On a women-led underground network of safe homes to help Afghan women

He used to get calls from desperate women and families across the country. So it was almost an underground railway network, and they needed shelter. In such a situation, many times families have to migrate. The Taliban were hunting them. And what was interesting was that these young women who were running this network of secret safe houses were also on the run from the Taliban. So they were working under the radar and undercover all the time, risking their lives to help families who survived the Taliban.

Feather Sharp rise in suicides among Afghan women – and why they go unreported

Afghanistan is one of the few countries where suicide rates were higher among women than men. This is one of the few countries in the world where this is true. But what we are seeing now is a really sharp increase in suicides across the country. So we are seeing the real effects of the Taliban regime. And there are those who say that women were always forced into marriage and many women were not allowed to come out of their homes. Well, some of this is true. … The lives of many women in rural areas have not changed much since the Taliban came to power. You know what has changed is a loss of hope. ,

I spoke to several women living in rural villages, they knew that somewhere far away in Kabul, say, progress had been made, there was hope that things were changing, even if it was at a snail’s pace, that if they Ended up in jail, then there was a judicial process and now she is gone. And to see the effect of it, in this one hospital, when I was there, there are cases of suicide every day.

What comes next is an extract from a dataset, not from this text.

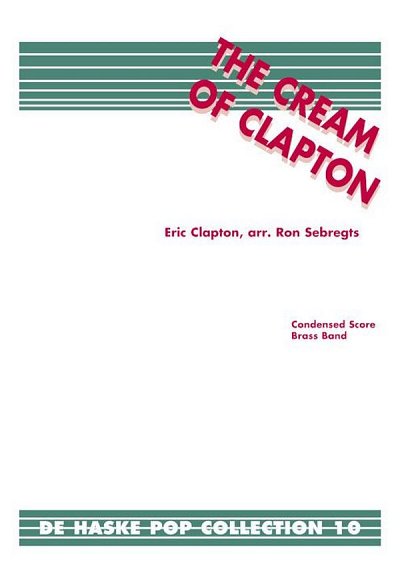 E. Clapton: The Cream of Clapton, Brassb (Pa+St)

And by the way, doctors tell me that many of these cases are not being registered because the Taliban have won. Doctors should not be allowed to record these cases, because they do not want the world to know that the suicide rate is on the rise.

The doctors also told me that where the victims are families of Talibis, doctors are instructed not to record those cases. Hence not all cases are being registered. So in fact, the suicide rate is far higher than official records show. In addition, several doctors told me that they were regularly beaten and bullied.

Why did she want to focus on women’s rights?

When you have rooted in patriarchy, you have misogyny, and you have high rates of violence and sexual violence against women, and you have complete hypocrisy. And where there are no rights for women, there are no human rights. Women’s rights are human rights. And I get really frustrated when you talk about women’s rights, and often men in positions of power will reject women’s rights. “Oh, there are more important things to worry about. You have internal politics and you’re worried about women’s rights!” We saw this happen in Iran when there was a revolution and hundreds of thousands of women took to the streets against the hijab. She was also told by liberals and leftists and secularists, “Get back to your box. Shut up. There’s a big revolution going on here, ladies. Now is not the time to go on about the hijab and women’s rights.”

And this is absolutely wrong, because women’s rights is a litmus test for human rights, it is a litmus test of good governance, how a society is safe and runs itself. And what I find very frustrating is that we are told that it is not interesting, that it is not important, and that it is important.

Amy Salit and Seth Kelly produced and edited the audio for this interview. Bridget Bentz and Molly CV-Nasper adapted it for the web.